Many of you may think this title is a mistake or misleading or just plain stupid. Of all the complaints business owners have made, this particular complaint may not only be the most baffling, but the most indicative of a serious cash flow problem or problems. The truth of the matter is that it is COMPLETELY possible for a company to sell its way into a very deep hole. Unfortunately selling out of the hole may be harder than selling into the hole.
Let’s take the idea apart and examine some of its implications.
A conversation between the production manager and the sales manager might go something like this…” I can build them if you can sell them” - “I can sell them if you can build them.” Production gears up for much more work. Sales quotas are raised and the race is on. Soon the orders are flooding in and product is being built and shipped at a record pace. The sales graph looks like a hockey stick and management is very pleased. The business model appears validated from the standpoint that there is real interest in and desire for the product or service.
It would be great if the last paragraph was the end of the story. All too often though, this scenario is just the beginning of a much sadder story.
Let’s take a look at the two statements that began the race. “I can build them if you can sell them”. Product can be built in any number of units if adequate resources exist. The tricky part is assessing the adequacy of the resources. Is there surplus plant capacity, or will additional machinery, space, employees, or other needs have to be acquired? If so, at what cost and at what terms will they be acquired? Does the operating budget allow for and is discretionary cash flow available for these types of additional expenses? Is reasonably priced and appropriate financing available? Are there any “hidden” or other unexpected costs?
“I can sell them if you can build them”. The question pattern here is very similar. Are the resources adequate? Are more sales people needed? What will their ramp up time cost? Will the peak demand time decrease before the sales force becomes fully effective? What about additional travel and entertainment expenses? How quickly can those additional costs be recovered? Are there any potentially negative customer service implications? What about the company’s credit philosophy and practice?

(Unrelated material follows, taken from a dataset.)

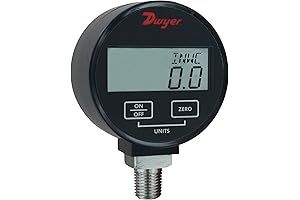 Dwyer Digital Water Pressure Gauge: Accurate and Versatile Measurement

Over the years many companies have fallen into the holes created by not asking and answering those and similar questions. As an owner, you may think adequate plant capacity exists. But, don’t loose sight of the fact that tools are more likely to break down under heavier use. Frequently, when production is dramatically increased, routine maintenance may be neglected. So, when the tool breaks, not only is it out of production and generating revenue, it may have to be repaired or replaced thereby creating unplanned expense.

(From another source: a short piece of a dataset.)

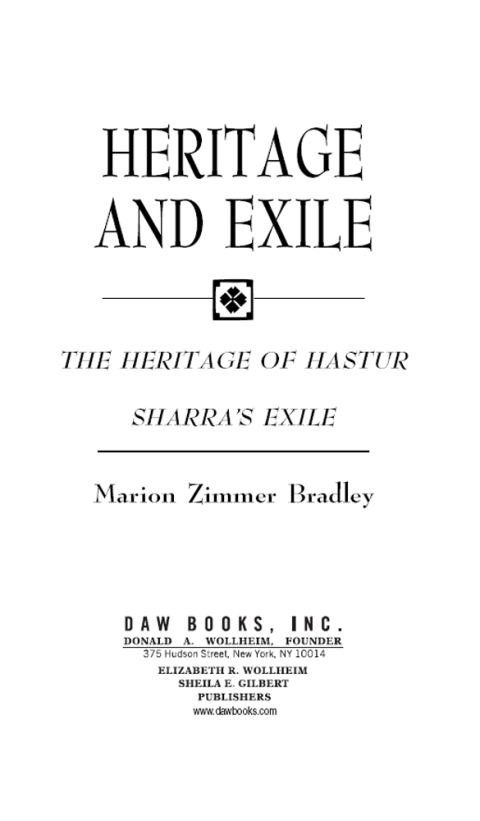 Cover image for book Heritage and Exile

If additional space was needed and staff hired to meet the production requirements, was that space and staff obtained with an eye to the future? What happens if the additional production is a fluke and sustainable demand for the production doesn’t exist? Are there lease commitments that cost money? Can the new staff be easily eliminated, or will it continue to be a drag on the income statement?
In most industries it is very difficult to rapidly and significantly increase sales without some relaxing of credit standards. Relaxed credit standards lead to a longer collection period or in other words a longer cash-to-cash cycle. Relaxed credit standards frequently also lead to increased credit losses. Your company may easily have a thirty day money demand and a forty five or more day cash to cash cycle.

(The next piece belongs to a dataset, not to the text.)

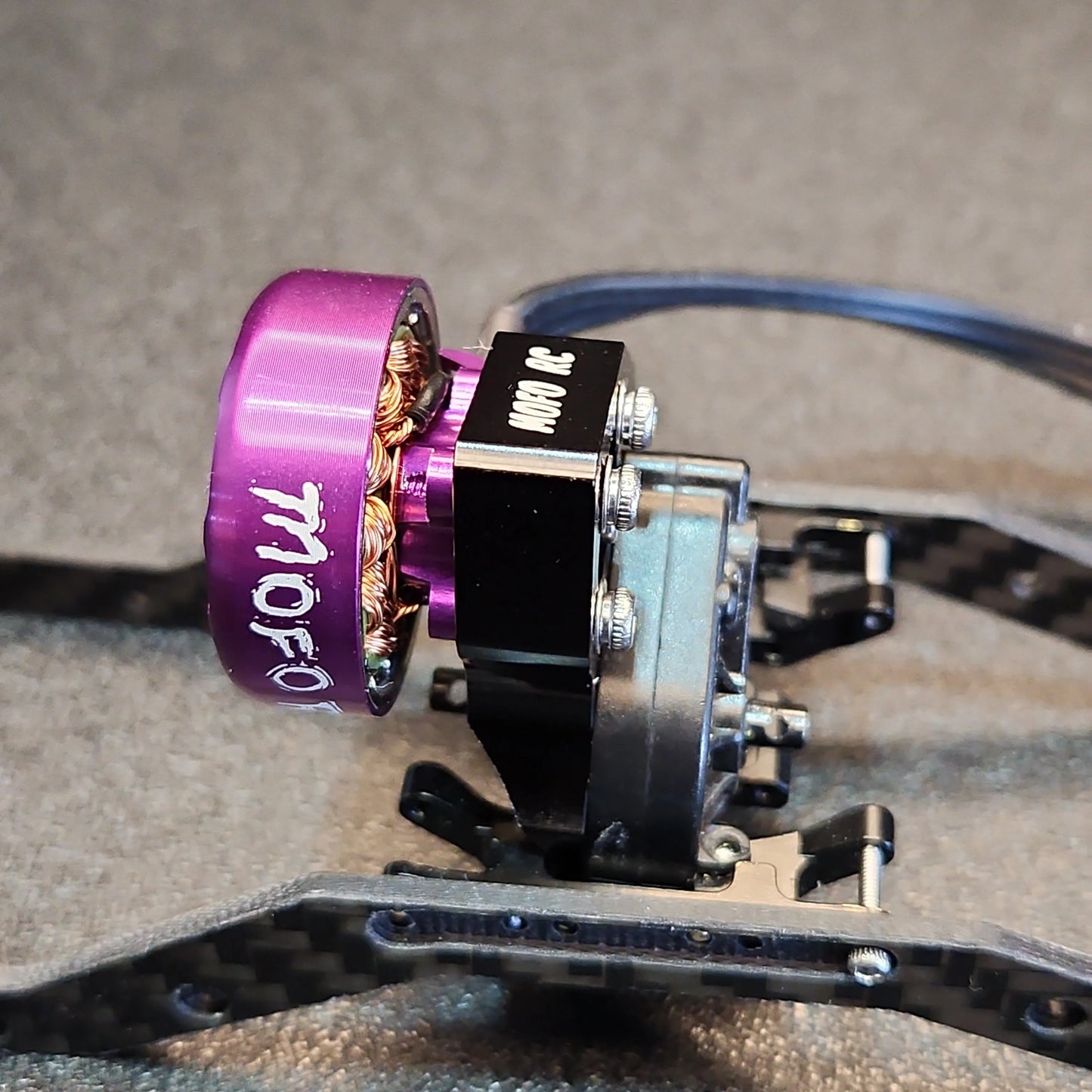 Mofo RC | ROP 3400Kv Brushless Pancake Motor & ESC + Mount Combos- (For Axial® SCX24™/AX24™)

Credit and collection policies are very important and must be carefully considered when planning a dramatic volume increase. Your company needs a clear and practical credit and collection policy which sets out your expectations of your customers as well as your employees. Your customers should be expected to pay on time. Your employees should be well trained in good collection techniques to help you identify and build increased business with your GOOD customers and promptly collect the money due from those customers who aren’t so good. GOOD customers buy product and pay on time. Not so good customers buy a lot of product and pay when they see fit. There’s a big difference between the two that a sound credit and collection policy can help identify to your profitable advantage.
Increasing sales is fundamental to growing a business. However, poorly planned increased sales can lead to cash flow problems and other financial difficulties. Dramatic growth without proper planning can easily leave an owner saying “we’re selling more than ever – but we’re broke”.